Die Schweizer AKW sollen nach 45 Betriebsjahren vom Netz gehen. Das will die Atomausstiegsinitiative. Im Fall Mühleberg deutet Initiantin Regula Rytz Entgegenkommen an.

Regula Rytz, Co-Präsidentin der Allianz «für den geordneten Atomausstieg», Präsidentin Grüne Schweiz und Berner Nationalrätin.
Regula Rytz, Co-Präsidentin der Allianz «für den geordneten Atomausstieg», Präsidentin Grüne Schweiz und Berner Nationalrätin.
Keystone

Frau Rytz, die BKW bereitet sich seit 2013 darauf vor, das AKW Mühleberg 2019 vom Netz zu nehmen. Ihre Initiative verlangt eine Abschaltung bereits 2017, ebenso für die beiden Reaktoren der Axpo in Beznau. Das geht doch zu schnell?Regula Rytz: Nein, abschalten und vom Netz nehmen kann man Atomkraftwerke jederzeit. Das muss so sein, für die Revisionen und insbesondere bei Störfällen oder wenn Sicherheitsauflagen nicht mehr erfüllt würden. So steht das AKW Beznau 1 wegen Sicherheitsfragen seit 18 Monaten still und kostet täglich eine Stange Geld. Nur mit der Initiative lässt sich verhindern, dass das älteste AKW der Welt wieder in Betrieb geht und unbefristet weiterläuft.

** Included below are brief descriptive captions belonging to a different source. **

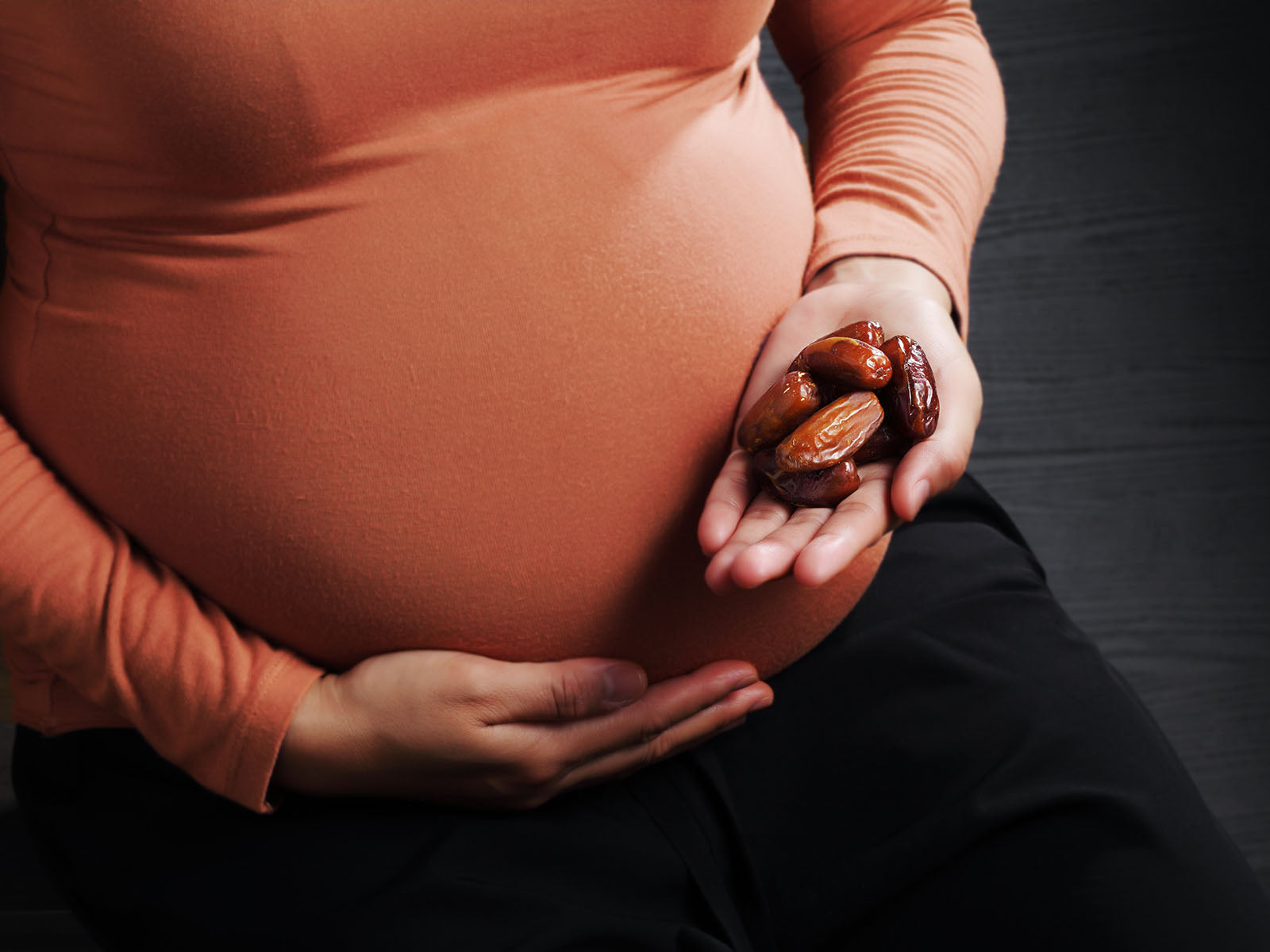 The image focuses on a pregnant woman, prominently displaying her rounded belly. She is wearing a long-sleeved, terracotta-colored shirt that closely conforms to the shape of her abdomen, emphasizing her pregnancy. Her hands are gently cradling her belly with one hand, while the other is outstretched, holding a small pile of dates. The dates are a rich, dark brown color and appear soft and slightly wrinkled, suggesting they are Medjool dates. The woman’s skin tone is warm and appears to be olive or tan. She is seated, wearing dark, possibly black, pants. The background is a dark, textured surface, resembling dark wood paneling, which provides a strong contrast to the warm tones of the woman’s clothing and skin. The lighting is soft and diffused, highlighting the curves of her body and the texture of the dates. The overall composition suggests a focus on health, nourishment, and the connection between pregnancy and natural foods. The image evokes a sense of calm and well-being, potentially promoting the benefits of dates during pregnancy, as they are known to be a source of energy and nutrients. The pose is intimate and protective, emphasizing the nurturing aspect of motherhood.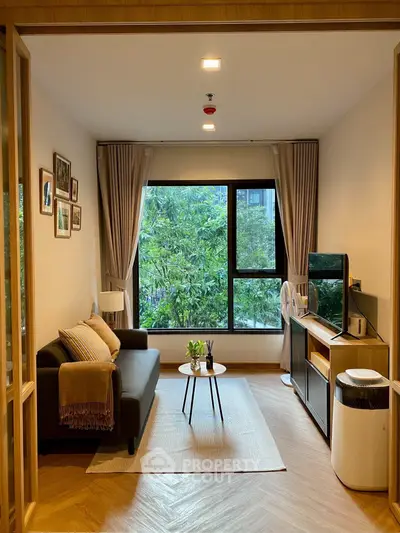 Charming living room with large window and cozy decor, perfect for relaxation and entertaining.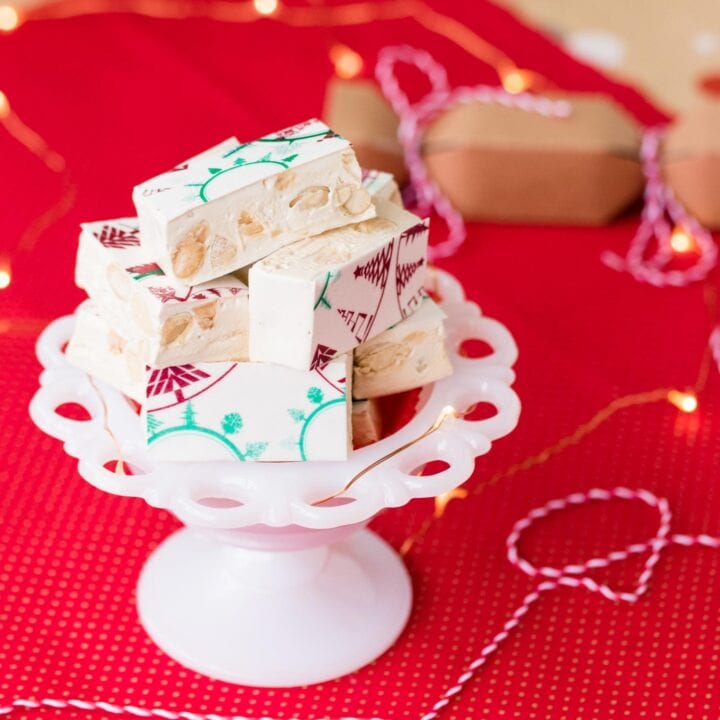 Pieces of almond and honey nougat in a white glass bowl on a festive red background.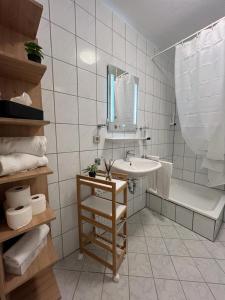 y baño con lavabo, espejo y bañera. en Top of Hostel & Serviced Aparts Deluxe Maisonette-Apart Fürth, en Fürth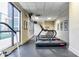 Well-equipped gym with treadmills, large windows, and mounted TVs at 1280 W Peachtree Nw St # 3602, Atlanta, GA 30309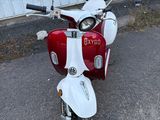 un scooter rouge et blanc garé devant un immeuble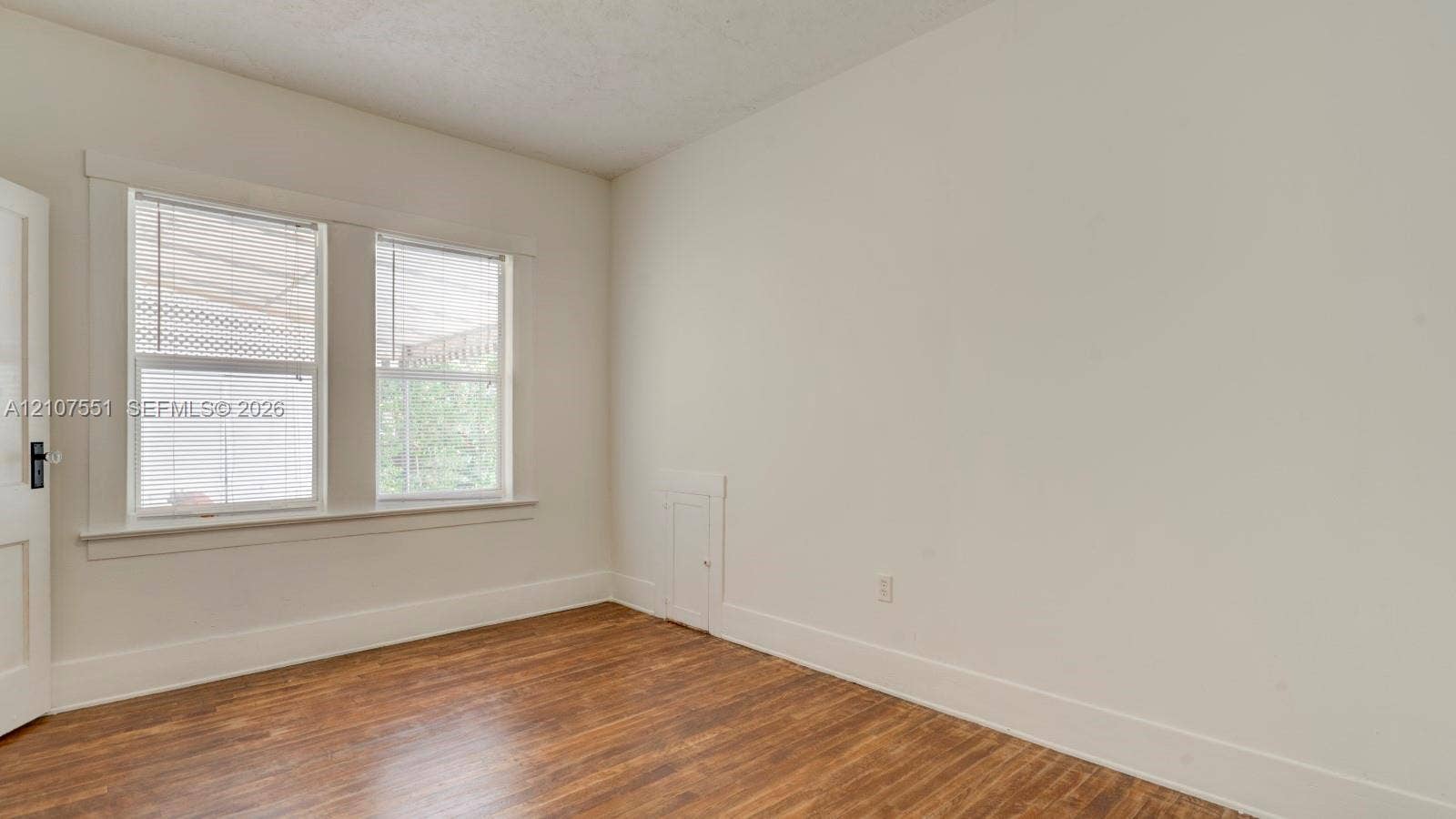 1676 SW 11th Street, Miami, Miami, FL 33135 Interior room featuring wood-finish flooring, dual windows with decorative millwork casing, and a built-in wall access panel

Was heisst für Sie «abschalten» genau?Man muss unterscheiden zwischen abschalten und stilllegen. Nach dem Abschalten dauert es schon nur fünf Jahre, bis die Brennstäbe abgekühlt sind. Danach beginnt der aufwendige Prozess des Rückbaus und der Endlagerung. Die Sicherheitsrisiken sind bis zum Schluss gross.

Diesen Nachbetrieb müssen der Bund und die Atomaufsichtsbehörde Ensi aber erst noch genehmigen respektive verfügen.Mit unserer Initiative wird in der Verfassung die Laufzeit der fünf Schweizer Atomkraftwerke auf fünfundvierzig Jahre beschränkt. Die konkrete Umsetzung liegt in den Händen der Verwaltung. Die AKW-Betreiber können allerdings gegen eine Verfügung klagen. So will es der Rechtsstaat.

Effektiv wird also wohl auch bei einem Ja zur Initiative kein AKW schon 2017 vom Netz gehen?Doch, natürlich. Leider hat es bisher nur die BKW begriffen, dass die Tage der Atomenergie gezählt sind und man lieber geplant als zu spät aussteigt.

Aber auch die BKW will Mühleberg erst 2019 abschalten.Weil die Sicherheit immer wieder neu beurteilt werden muss, ist selbst die bisherige Planung alles andere als gewiss. Es muss in jedem Fall möglich sein, die Stilllegung des Atomkraftwerks in Mühleberg um zwei Jahre zu beschleunigen.

Und wenn nicht?Mühleberg ist ein Sonderfall. Die BKW beschloss den Atomausstieg, nachdem wir unsere Initiative lanciert hatten. Wenn Bundesrätin Doris Leuthard und BKW-Chefin Suzanne Thoma einen Weg suchen würden, um die Vorarbeiten der BKW zeitlich zu berücksichtigen, würden wir sicher nicht aufschreien oder gar eine «Durchsetzungsinitiative» starten. Aber 2017 wäre der bessere Abschalttermin als 2019.